С.А. Жебелев был опытным мастером некролога. К 1928 г. им было написано не менее 26 текстов подобного рода. Он хорошо понимал природу жанра – в его архиве сохранились поминальные тексты, которые некрологами не стали, поскольку не попадали в функцию и задачу (некрологи тем же людям были написаны отдельно). Некролог, хотя и пишется отдельным человеком (в Академии наук говорили «составляется»), но есть факт коллективного поминания – он должен быть обнародован. Скандал вокруг некролога в нормальной ситуации невозможен – в определенном смысле это значило бы обидеть, унизить память ушедшего человека и поставить под сомнение общие ценности сообщества.

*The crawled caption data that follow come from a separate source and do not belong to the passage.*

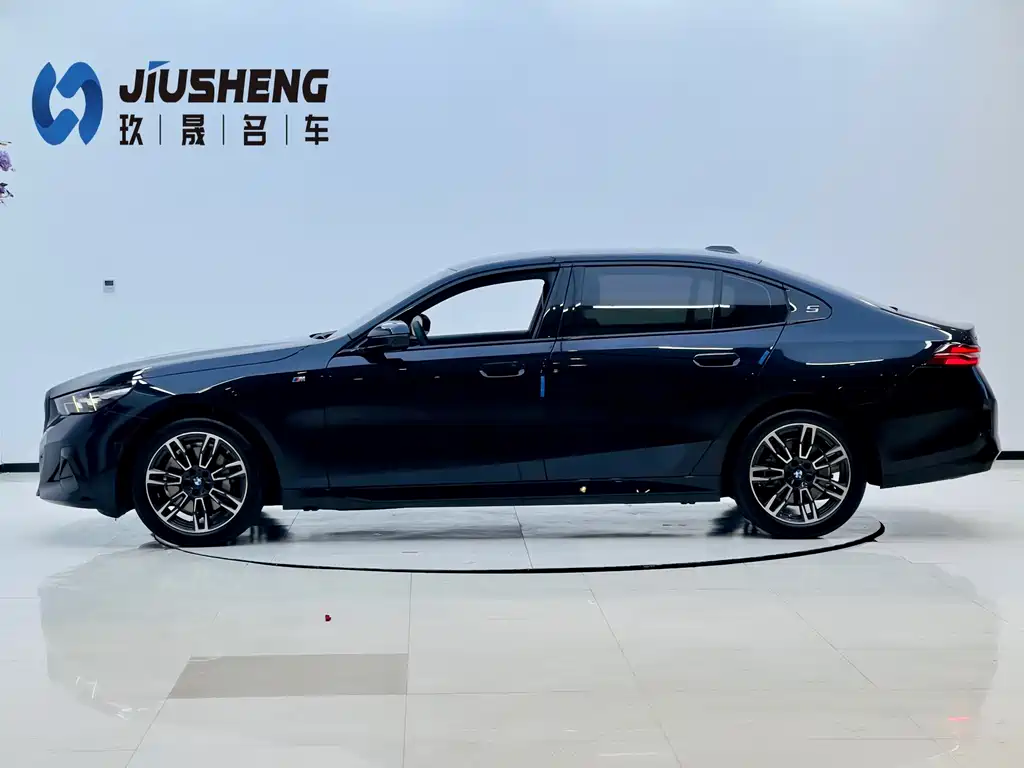 BMW BMW 5 Series 2025 530Li Leading Model M Sport Package 2025 - thumbnail 3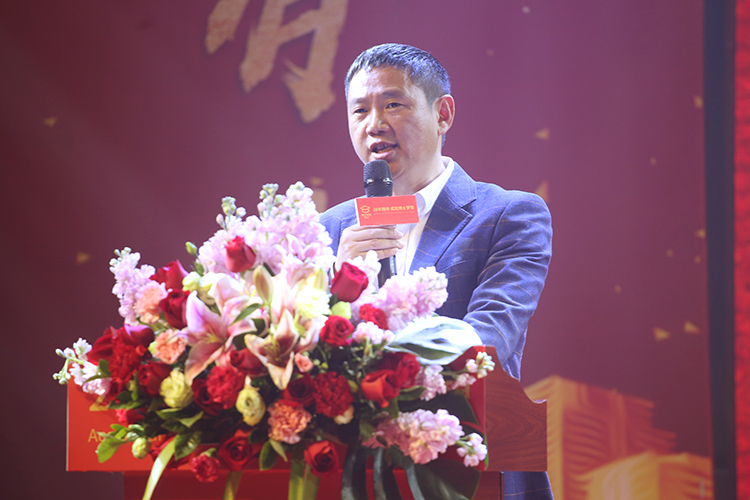 91精品国产乱码久久蜜桃入口董事长王洪贵先生2019新年贺词，有你们，奋斗路上不孤单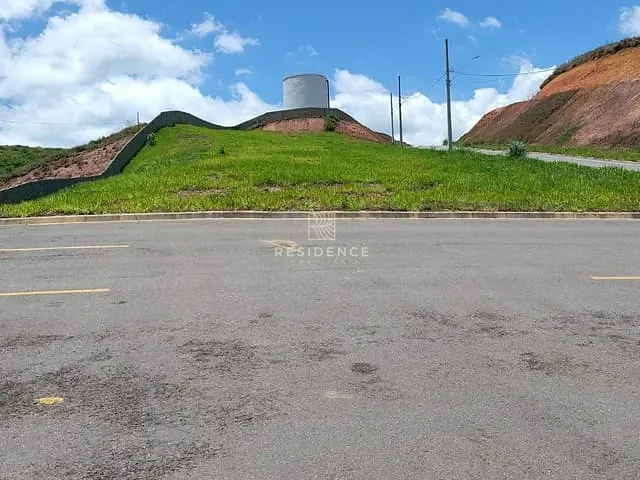 Terreno com 290m², à venda, no bairro Casa de Pedra em Volta Redonda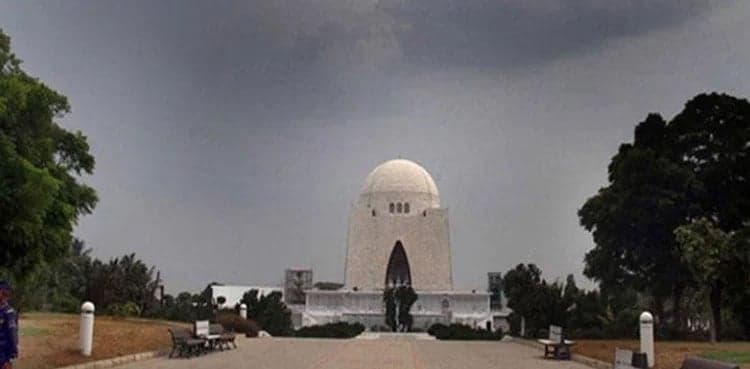 Karachi receives light rainfall, drizzling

Жебелев в своем ставшем скандальном некрологе поминает не только ушедшего Я.И. Смирнова, но и саму традицию поминания: «Когда я умру, ты узнаешь, кто я такой… Говоря так, Я.И., может быть, думал: никакими внешними знаками ученого отличия я не пользуюсь, степеней ученых не имею, медалей и премий за свои работы я не получал, даже рецензий на мои книги не писали; вот, когда я умру, напечатают, по обычаю, мой некролог, и из него узнают, кто я такой. Но и этого не случилось. Я.И. скончался 10-го октября 1918 г., когда у нас началось уже лихолетье. Все мы были потрясены неожиданной смертью Я.И., но составлять некролог его не имело смысла, так как этот некролог негде было бы напечатать: существование Журнала Министерства Народного Просвещения, где обыкновенно печатались некрологи ученых, прекратилось; Русское Археологическое общество, членом которого Я.И. состоял с 1893 г., хотя и существовало, но уже не имело кредитов на издание своих “Записок”. Я.И. так и остался без некролога»32.

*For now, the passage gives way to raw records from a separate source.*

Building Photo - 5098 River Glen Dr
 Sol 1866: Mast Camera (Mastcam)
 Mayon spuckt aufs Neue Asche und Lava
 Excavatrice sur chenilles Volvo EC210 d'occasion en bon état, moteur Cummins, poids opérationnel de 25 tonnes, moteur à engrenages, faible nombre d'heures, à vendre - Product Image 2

Словно желая проговорить все подробности уходящей традиции, Жебелев тут же, в некрологе, делает сноску: «Единственно, чем Общество могло почтить память одного из самых деятельных и энергичных своих членов, это – устроить 30 апреля 1919 г., в день ангела Я.И., “поминальное” заседание. Оно происходило в Музее Древностей Университета и в нем читаны были четыре доклада – характеристики Я.И. Когда истекло пятилетие со дня смерти Я.И., было устроено заседание в Академии Истории Материальной Культуры: в этом заседании читаны были пять докладов на разнообразные темы, отчасти соприкасающиеся с кругом научных интересов Я.И.». Сборник памяти появляется вполне традиционно спустя 10 лет. «Seminarium Kondakovianum посвящает памяти Я.И. очередной выпуск своего сборника – благое дело, за которое глубоко признательны членам семинария все те, кому дорога память Я.И. Лучшего места, чтобы почтить ее, нельзя придумать: Я.И. – “ближайший и наиболее блестящий из учеников Н.П. Кондакова”, как его охарактеризовал наш общий друг и соратник М.И. Ростовцев /…/ Поминать Я.И. выпадает на мою долю. Попробую, как умею, набросать общий облик деятельности Я.И., как я понимаю ее, пользуясь его учеными трудами, а еще более воспоминаниями о нем. Постараюсь остаться при этом на почве не субъективных переживаний, а объективных данных, доставляемых деятельностью Я.И. в ее совокупности»33.
Функционирование науки в нормальном режиме обеспечивается двумя системами: внешней системой официальной иерархии (вершина ее – Академия Наук) и внутренней системой научного сообщества. Организация внешней системы подвергается кодификации, зависит от времени и места, всегда может быть описана и существует, скорее, как некий социальный механизм. Сообщество же существует по неписаным законам, явственно ощущаемым каждым его членом. И это – законы органической жизни. Традиция, сплачивающая сообщество, меняется крайне медленно (она призвана не допустить разрывов, иначе организм умирает). Почитание умерших – цементирующая структура, связанная с организацией памяти и идентичности. Поскольку выражается она в конце XIX – начале XX в. прежде всего через некрологи, то и дезавуирование этой традиции идет через нападение на эти некрологи.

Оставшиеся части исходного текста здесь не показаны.